• **YOUR OBJECTIVE**:
Copy the data exactly, keeping every line intact.

• **DATA EXTRACTS**:
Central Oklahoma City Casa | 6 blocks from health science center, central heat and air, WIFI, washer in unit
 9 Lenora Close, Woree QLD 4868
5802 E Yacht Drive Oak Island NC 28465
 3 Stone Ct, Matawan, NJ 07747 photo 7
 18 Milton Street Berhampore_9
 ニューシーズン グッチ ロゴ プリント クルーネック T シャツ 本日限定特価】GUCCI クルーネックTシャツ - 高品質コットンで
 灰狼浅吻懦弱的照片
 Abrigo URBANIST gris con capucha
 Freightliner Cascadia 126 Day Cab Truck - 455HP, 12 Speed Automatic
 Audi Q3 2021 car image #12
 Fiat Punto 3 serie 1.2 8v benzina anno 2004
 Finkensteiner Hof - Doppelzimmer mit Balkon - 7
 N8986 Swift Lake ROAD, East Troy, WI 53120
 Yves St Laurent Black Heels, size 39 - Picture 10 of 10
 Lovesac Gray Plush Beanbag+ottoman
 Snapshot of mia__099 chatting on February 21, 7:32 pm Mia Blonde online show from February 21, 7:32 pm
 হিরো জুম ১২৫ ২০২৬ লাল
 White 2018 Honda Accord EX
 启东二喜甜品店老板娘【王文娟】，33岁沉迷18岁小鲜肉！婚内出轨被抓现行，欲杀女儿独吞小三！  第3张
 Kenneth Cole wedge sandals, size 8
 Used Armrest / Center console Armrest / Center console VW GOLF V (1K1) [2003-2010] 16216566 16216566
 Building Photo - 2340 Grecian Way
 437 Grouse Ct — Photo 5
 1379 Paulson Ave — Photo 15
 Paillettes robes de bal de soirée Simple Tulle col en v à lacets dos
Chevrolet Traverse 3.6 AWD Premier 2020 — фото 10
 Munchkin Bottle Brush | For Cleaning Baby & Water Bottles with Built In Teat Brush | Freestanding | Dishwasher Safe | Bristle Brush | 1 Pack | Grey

• **YOUR SOLUTION**:
Central Oklahoma City Casa | 6 blocks from health science center, central heat and air, WIFI, washer in unit
 9 Lenora Close, Woree QLD 4868
5802 E Yacht Drive Oak Island NC 28465
 3 Stone Ct, Matawan, NJ 07747 photo 7
 18 Milton Street Berhampore_9
 ニューシーズン グッチ ロゴ プリント クルーネック T シャツ 本日限定特価】GUCCI クルーネックTシャツ - 高品質コットンで
 灰狼浅吻懦弱的照片
 Abrigo URBANIST gris con capucha
 Freightliner Cascadia 126 Day Cab Truck - 455HP, 12 Speed Automatic
 Audi Q3 2021 car image #12
 Fiat Punto 3 serie 1.2 8v benzina anno 2004
 Finkensteiner Hof - Doppelzimmer mit Balkon - 7
 N8986 Swift Lake ROAD, East Troy, WI 53120
 Yves St Laurent Black Heels, size 39 - Picture 10 of 10
 Lovesac Gray Plush Beanbag+ottoman
 Snapshot of mia__099 chatting on February 21, 7:32 pm Mia Blonde online show from February 21, 7:32 pm
 হিরো জুম ১২৫ ২০২৬ লাল
 White 2018 Honda Accord EX
 启东二喜甜品店老板娘【王文娟】，33岁沉迷18岁小鲜肉！婚内出轨被抓现行，欲杀女儿独吞小三！  第3张
 Kenneth Cole wedge sandals, size 8
 Used Armrest / Center console Armrest / Center console VW GOLF V (1K1) [2003-2010] 16216566 16216566
 Building Photo - 2340 Grecian Way
 437 Grouse Ct — Photo 5
 1379 Paulson Ave — Photo 15
 Paillettes robes de bal de soirée Simple Tulle col en v à lacets dos
Chevrolet Traverse 3.6 AWD Premier 2020 — фото 10
 Munchkin Bottle Brush | For Cleaning Baby & Water Bottles with Built In Teat Brush | Freestanding | Dishwasher Safe | Bristle Brush | 1 Pack | Grey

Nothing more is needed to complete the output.